**SUPPLIED MATERIAL**
----------------------------------------
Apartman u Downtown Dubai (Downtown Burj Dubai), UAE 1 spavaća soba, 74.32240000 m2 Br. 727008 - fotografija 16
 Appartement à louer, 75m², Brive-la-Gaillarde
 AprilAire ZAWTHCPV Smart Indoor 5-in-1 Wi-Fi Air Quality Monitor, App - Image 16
----------------------------------------
**WHAT YOU NEED TO DO**
Extract each line of the listing above, copying it word for word.

**ANSWER FOR THIS EXERCISE**
Apartman u Downtown Dubai (Downtown Burj Dubai), UAE 1 spavaća soba, 74.32240000 m2 Br. 727008 - fotografija 16
 Appartement à louer, 75m², Brive-la-Gaillarde
 AprilAire ZAWTHCPV Smart Indoor 5-in-1 Wi-Fi Air Quality Monitor, App - Image 16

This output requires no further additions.